Reuven struggles...really struggles...with his theology, finding himself lodged squarely between ultra-conservatives who  look at any new approach as heretical and threatening to people of faith, and the ultra-liberal folks who had abandoned all belief in God but felt the traditions and practices were important.  Although Reuven doesn't particularly talk about his own faith, he clearly states that he doesn't like the conclusions and cannot agree  that God is a nice archaic idea...even though he personally likes and admires the people who are promoting those conclusions.  He has a harder time reconciling the faith of the ultra-orthodox folks with their rigid and even angry behavior; there are people in that camp he honestly doesn't like much.  There are also others in the ultra conservative camp he likes very much, even though he can't understand their legalistic traditions and behaviors.

Sound familiar?  Timely?  The book was written in 1969.

I found myself identifying strongly with Reuven's struggles, for all that I am nowhere near his brilliance.  How does one influence people to love God and his Word...when there are folks who decry the very existence of God on one hand, and people who perceive any questioning and honest seeking for answers as heresy on the other?  If the second group is all too willing to condemn, cut off and reject people in the first group...and maybe even those in between...how can there ever be any bridge crossing that gap?

Potock writes, in the form of an 'aha' moment that Reuven has:

...the months of seesawing between the two worlds had finally ended for me this night with nothing but an awareness of how deep the separating chasm really was and how impossible it seemed to bridge it -- unless you were...rooted deeply enough in one world to enable you to be concerned only with the people of the other and not about their ideas.

That paragraph actually jerked me out of the story and I re-read it over two or three times as an abstract thought, apart from Reuven's dilemma.  Am I rooted deeply enough in my faith to be concerned only with people who disagree, without being hung up about their ideas or beliefs?  Because ultimately it is the PEOPLE who matter.  

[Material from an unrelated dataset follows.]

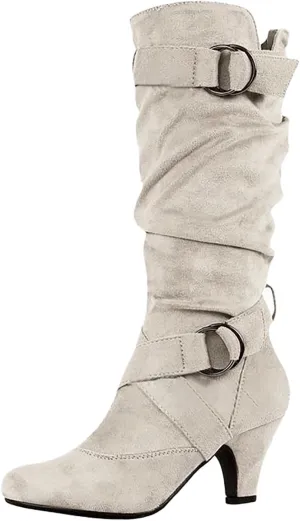 Womens High Boots,Wide Calf Boots with Adjustable Buckle Strap Stylish High Heel Slip On Boots Fashion Suede Combat Riding Boots for Women Winter Fall Party Comfy Walking High Heels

There was another thought that I found in the text...and I wondered if I were just seeing it there because of my particular viewpoint or if it was something the author intended all along...but another character has a struggle that parallels Reuven's, but from the opposite viewpoint.  He was raised with tradition but no god.  The traditions of religion but no faith or substance to it.  His parents didn't understand his conflict...they were "enlightened" enough to reject the medieval fairy tales so of course their son would not struggle with them.  And...he didn't.  But he could find no real meaning to his life and he couldn't understand why his parents would subject themselves...and him... to the rejection of the people who felt attacked by the promotion of religion with no god. I saw in that the pointlessness of religion without God.  Morality and tradition by themselves cannot carry anyone through the difficulties that will come at some point in every life.  It takes a surety that God exists and that he actually does care for every person...a flat rebuttal to the troubled young man's mother's viewpoint.  

And, of course, that's the answer to bridging the gap.  Intellectual answers won't do it.  

It needs Holy Spirit.  Which was, understandably, missing from the narrative.

But it only needs a nudge to take that revelation a bit further...be concerned with the people, and let Holy Spirit take care of their ideas.